Collected data
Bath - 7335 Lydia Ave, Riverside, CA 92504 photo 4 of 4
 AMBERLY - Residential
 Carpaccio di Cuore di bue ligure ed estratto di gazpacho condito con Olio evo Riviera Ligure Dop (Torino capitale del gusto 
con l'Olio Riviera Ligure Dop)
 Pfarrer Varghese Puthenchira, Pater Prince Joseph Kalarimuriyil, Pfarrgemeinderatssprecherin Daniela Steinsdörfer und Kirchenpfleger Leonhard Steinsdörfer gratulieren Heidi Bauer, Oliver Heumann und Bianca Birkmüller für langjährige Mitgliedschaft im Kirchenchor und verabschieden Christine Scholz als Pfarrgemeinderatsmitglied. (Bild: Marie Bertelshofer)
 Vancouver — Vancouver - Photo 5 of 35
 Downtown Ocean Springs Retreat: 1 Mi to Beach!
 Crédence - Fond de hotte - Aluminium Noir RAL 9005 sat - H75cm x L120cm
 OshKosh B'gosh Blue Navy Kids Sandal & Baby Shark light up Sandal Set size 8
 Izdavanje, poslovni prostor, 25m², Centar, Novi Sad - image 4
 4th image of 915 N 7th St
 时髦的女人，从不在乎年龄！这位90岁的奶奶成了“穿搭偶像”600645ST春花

- WORK INSTRUCTIONS: Lines to set down from above: the line with "Carpaccio di Cuore", the line with "Crédence - Fond", and every line between, each exactly as written.

- RESPONSE AREA:
 Carpaccio di Cuore di bue ligure ed estratto di gazpacho condito con Olio evo Riviera Ligure Dop (Torino capitale del gusto 
con l'Olio Riviera Ligure Dop)
 Pfarrer Varghese Puthenchira, Pater Prince Joseph Kalarimuriyil, Pfarrgemeinderatssprecherin Daniela Steinsdörfer und Kirchenpfleger Leonhard Steinsdörfer gratulieren Heidi Bauer, Oliver Heumann und Bianca Birkmüller für langjährige Mitgliedschaft im Kirchenchor und verabschieden Christine Scholz als Pfarrgemeinderatsmitglied. (Bild: Marie Bertelshofer)
 Vancouver — Vancouver - Photo 5 of 35
 Downtown Ocean Springs Retreat: 1 Mi to Beach!
 Crédence - Fond de hotte - Aluminium Noir RAL 9005 sat - H75cm x L120cm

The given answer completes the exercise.